Diana Wynne Jones has already written twice about the country of Dalemark. In this new, and remarkable, book [The Spellcoats] she explores some of its prehistory, the archaeological evidence for which consists of two woven coats into which a narrative had been worked. The Spellcoats is the story of that weaving and of the weaver.
Stories of imagined worlds are acceptable only so far as they present inhabitants with whom we can feel some bond of sympathy. Miss Wynne Jones captures our interest and concern from the first page. Here is a united and reasonably happy family, father and three boys, two girls, living in a small and mainly hostile community, the village of Shelling. This stands on the bank of [a] river, and the river dominates their lives and puts a bound to their experience.
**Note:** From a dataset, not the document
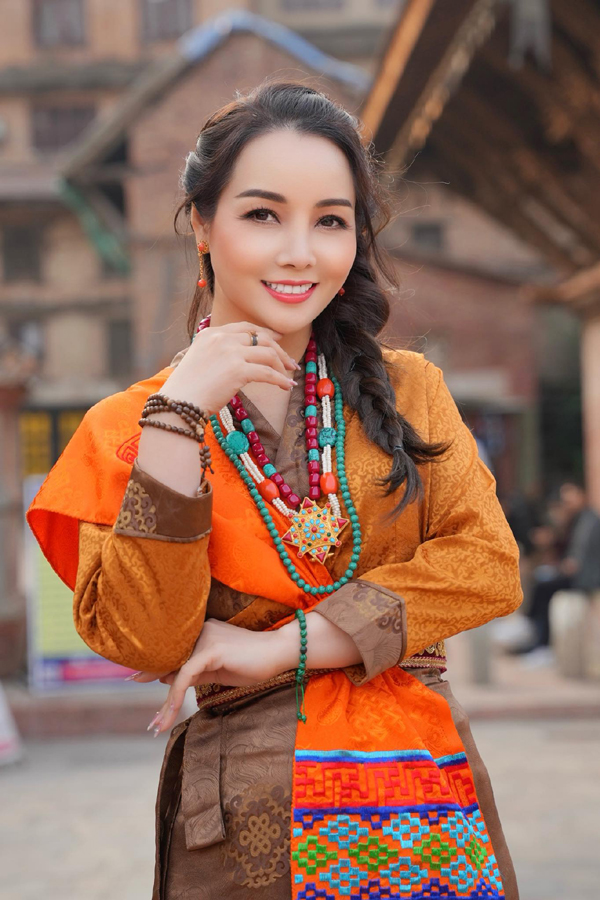 mai-thu-huyen-5-17479724833141016340859.jpg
War comes to the country, and father and the eldest son go off to fight for the King. (pp. 221-22)
In the adventures which follow, supernatural forces and dark magic are skilfully balanced against the everyday quarrels, affections and fun of family life. These are seen through the eyes of Tanaqui, the weaver, a girl of character whose role is to be the intermediary between the living and the dead. She, for all her impatience and quick temper, has the gift of seeing both sides of the story, and through her the fortunes of natives and Heathen are united against a common enemy.
There are some spine-chilling moments and a fine climax, and a conclusion which is not too tidy, leaving the imagination many loose ends to work upon. In fact this is one of those books which goes on in the mind long after the last page has been scanned. If such are to your taste, you have to thank Miss Wynne Jones' philosophy as much as her knowledge of character and her skill in narrative. It is a big book, long and continuously demanding of attention and a degree of surrender. (p. 222)
Marcus Crouch, in his review of "The Spellcoats," in The Junior Bookshelf, Vol. 43, No. 4, August, 1979, pp. 221-22.